Provided records below:

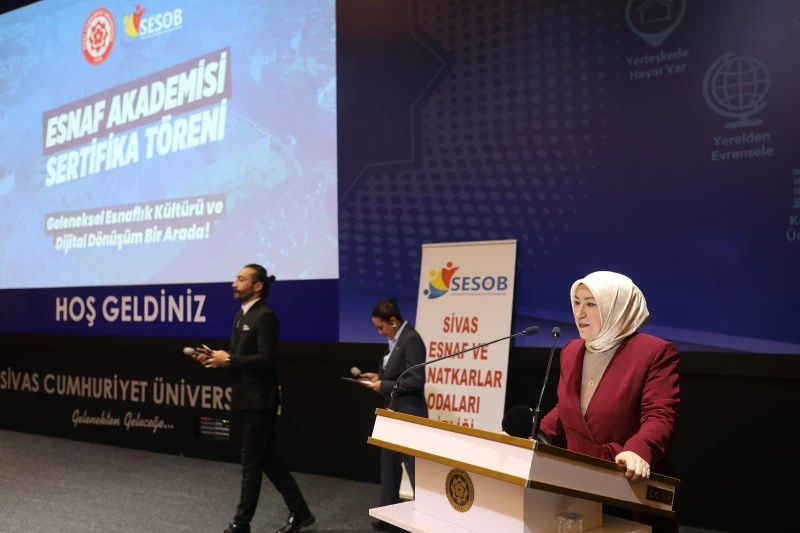 50 Yılını Dolduran Esnaflara Özel Plaket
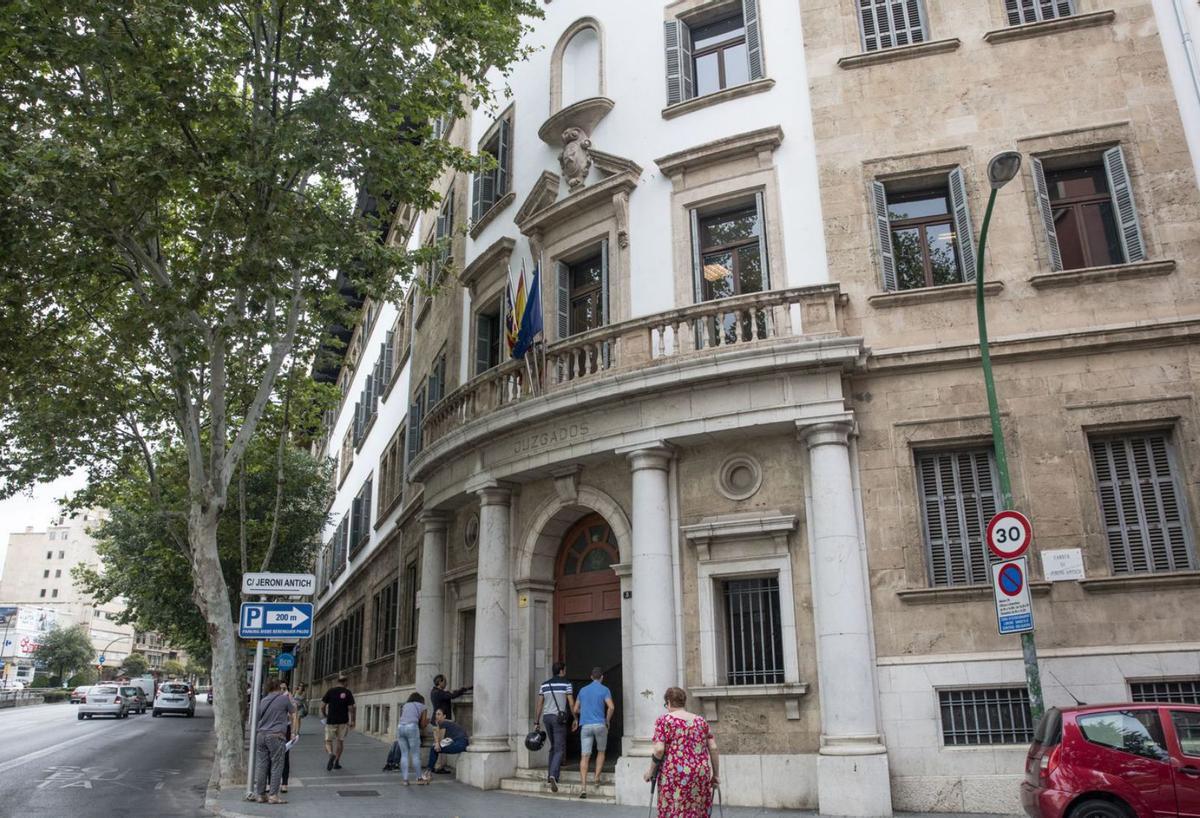 Exterior de la sede judicial de Vía Alemania, en Palma, donde se celebrará el juicio.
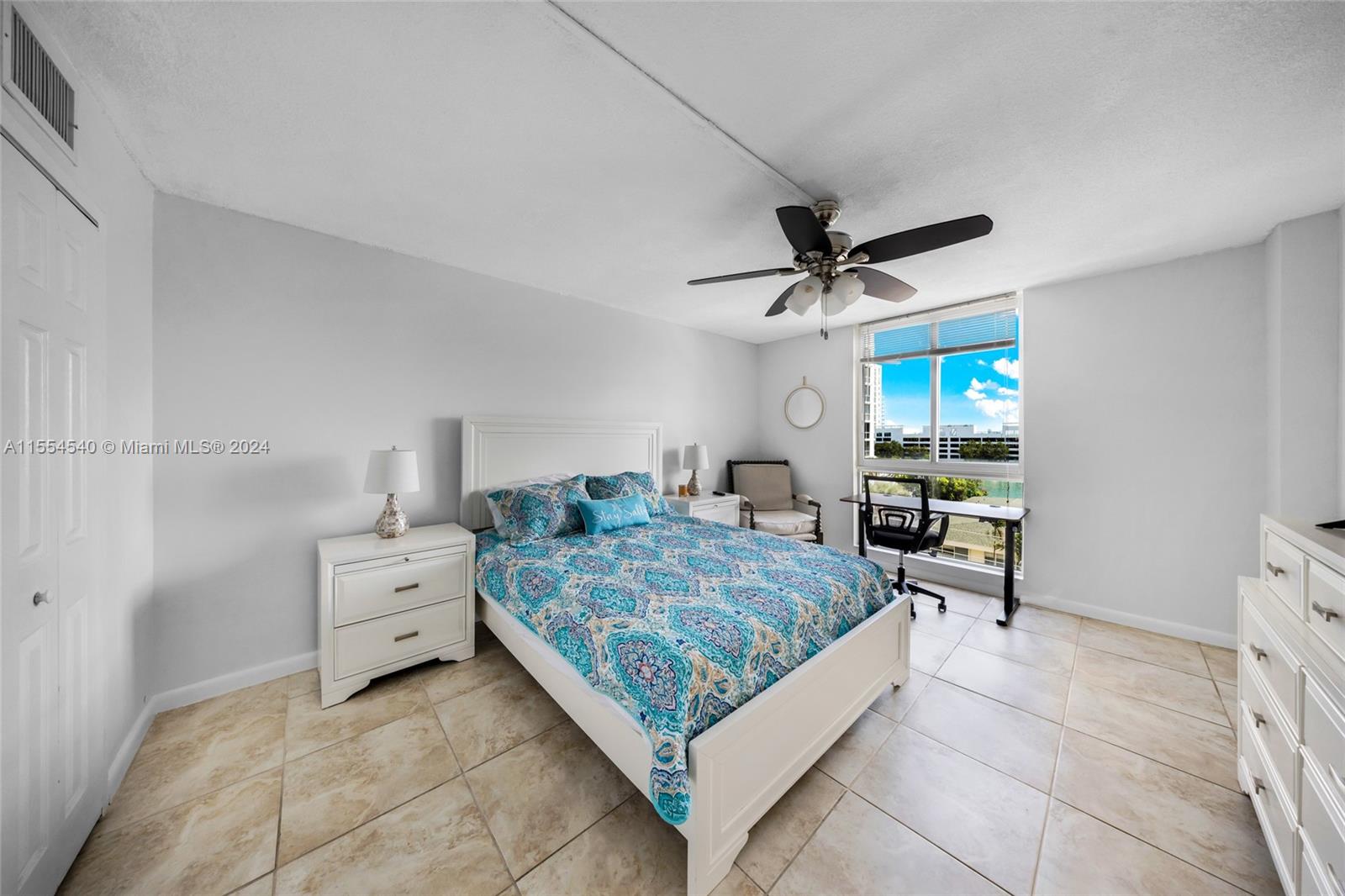 Islander Club - Residential Lease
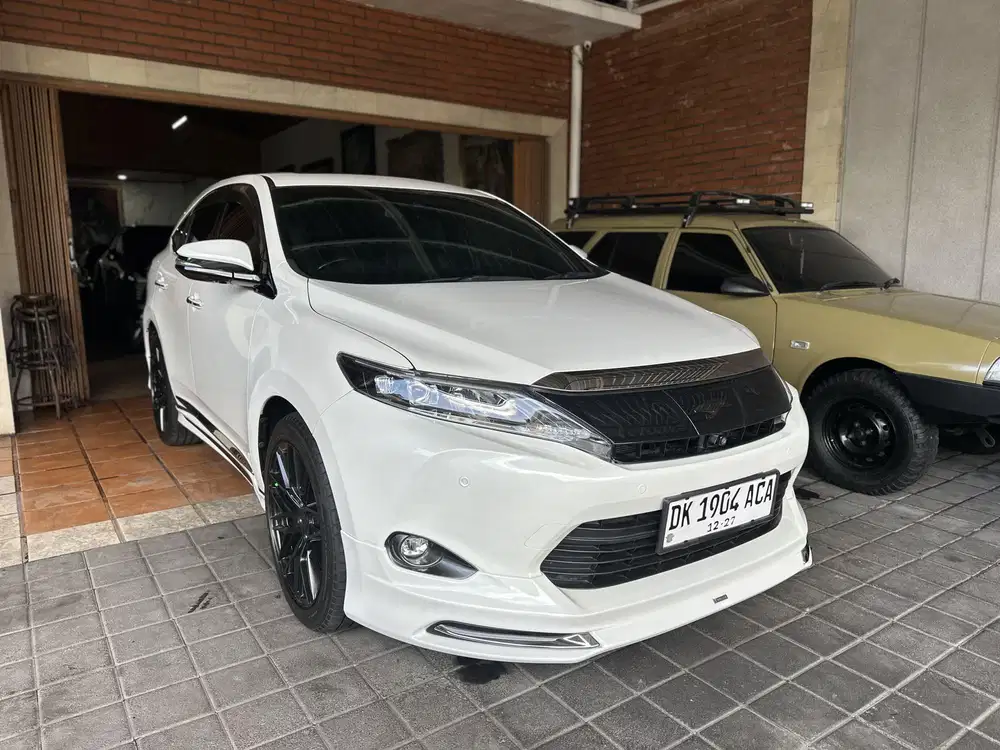 HARGA CASH - Toyota Harrier Advance Modelista Asli Bali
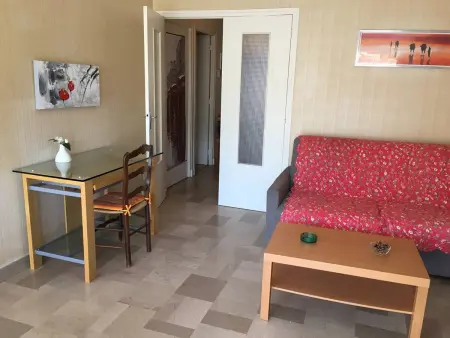 Appartement F2 avec Terrasse, Parking et WiFi, Animaux Acceptés, proche Amélie-les-Bains. - Photo 2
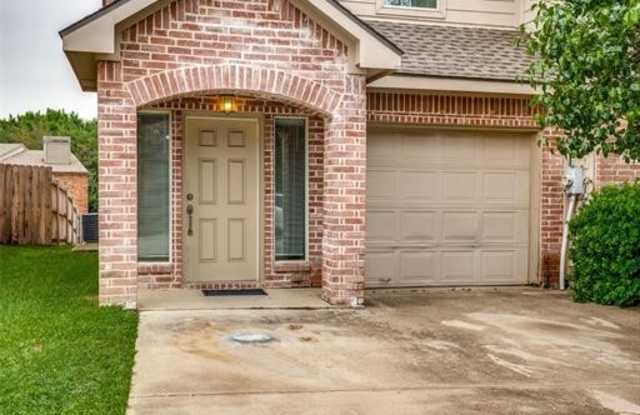 2372 Homewood Lane Gallery 2
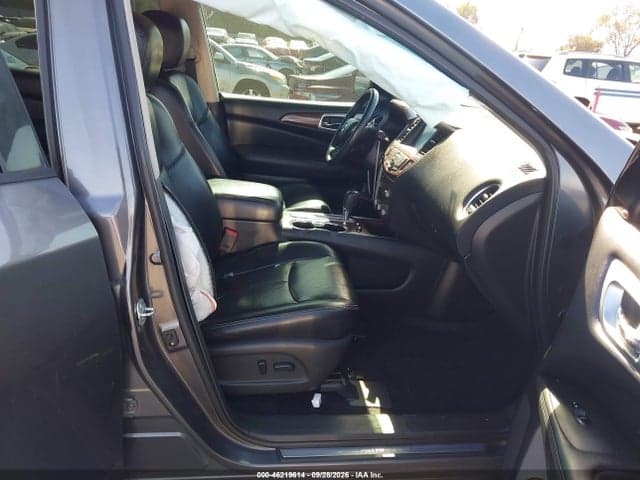 2017 NISSAN PATHFINDER PLATINUM 5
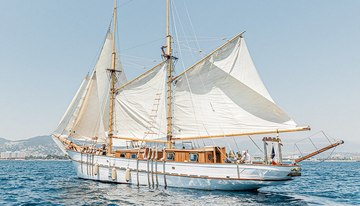 O'Remington charter yacht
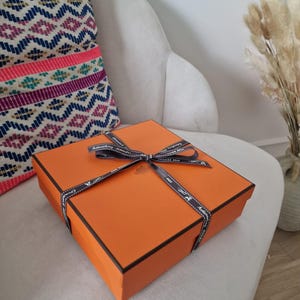 Square Luxury Gift Box – Premium Orange Packaging with Ribbon – French Style Presentation – 19,5x19,5cm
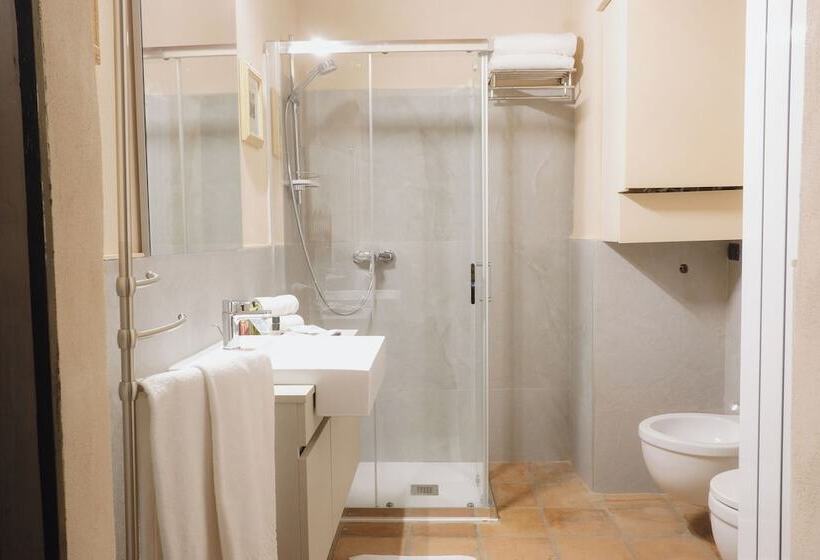 پانسیون Foresteria Palazzo Guazzoni Zaccaria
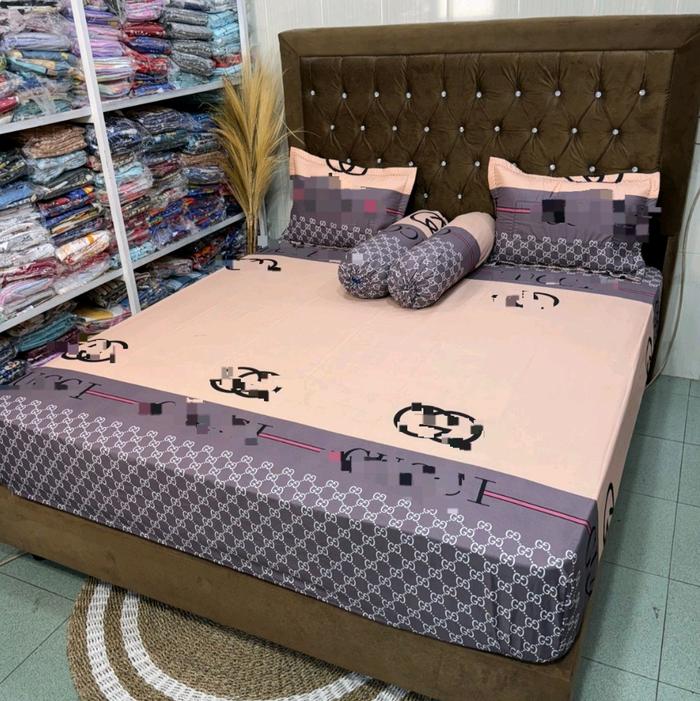 Gambar Sprey mikro botak motif Guccong uk 180×200×30 dari sprey tempahan aceh undefined Tokopedia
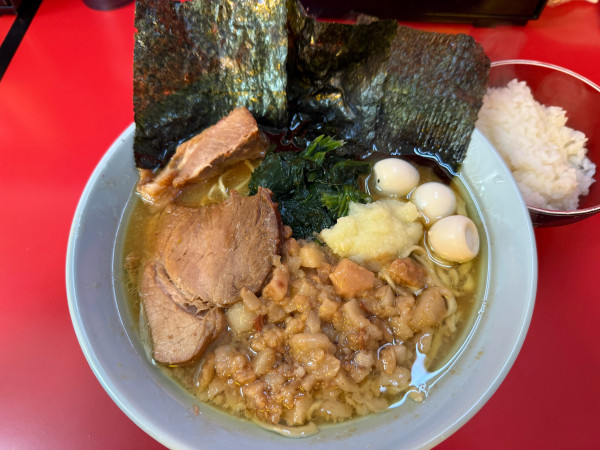 「東浦家少なめ（ニンニク・ちょいアブラ）ライス」@ラーメン富士丸 東浦和店の写真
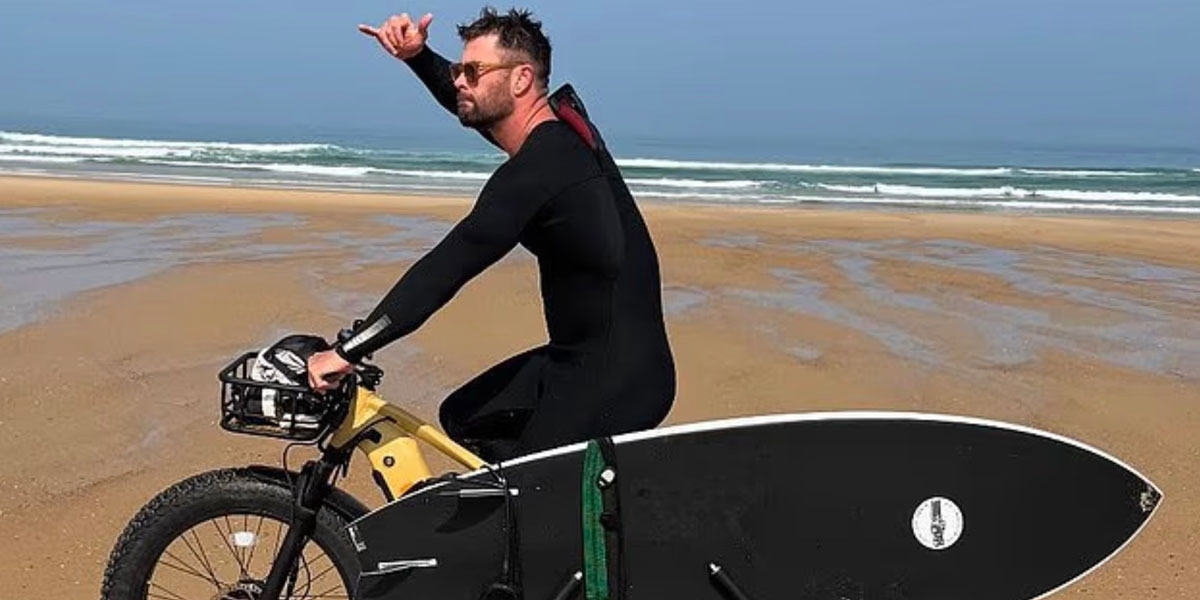 Chris Hemsworth Flaunts ‘God Bod’ During French Getaway
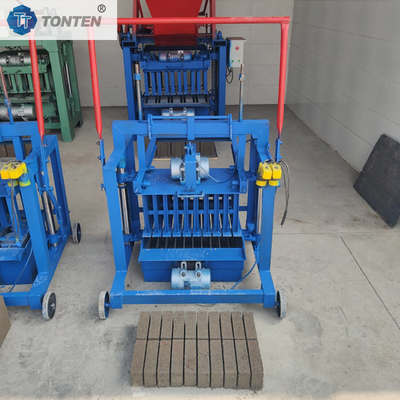 Interlocking Earth Brick Block Making Machine La macchina per fare i mattoni in Ghana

End of Provided records.

Give the records again exactly, pictures left out.

### Task result
 50 Yılını Dolduran Esnaflara Özel Plaket
 Exterior de la sede judicial de Vía Alemania, en Palma, donde se celebrará el juicio.
 Islander Club - Residential Lease
 HARGA CASH - Toyota Harrier Advance Modelista Asli Bali
 Appartement F2 avec Terrasse, Parking et WiFi, Animaux Acceptés, proche Amélie-les-Bains. - Photo 2
 2372 Homewood Lane Gallery 2
 2017 NISSAN PATHFINDER PLATINUM 5
 O'Remington charter yacht
 Square Luxury Gift Box – Premium Orange Packaging with Ribbon – French Style Presentation – 19,5x19,5cm
 پانسیون Foresteria Palazzo Guazzoni Zaccaria
 Gambar Sprey mikro botak motif Guccong uk 180×200×30 dari sprey tempahan aceh undefined Tokopedia
 「東浦家少なめ（ニンニク・ちょいアブラ）ライス」@ラーメン富士丸 東浦和店の写真
 Chris Hemsworth Flaunts ‘God Bod’ During French Getaway
 Interlocking Earth Brick Block Making Machine La macchina per fare i mattoni in Ghana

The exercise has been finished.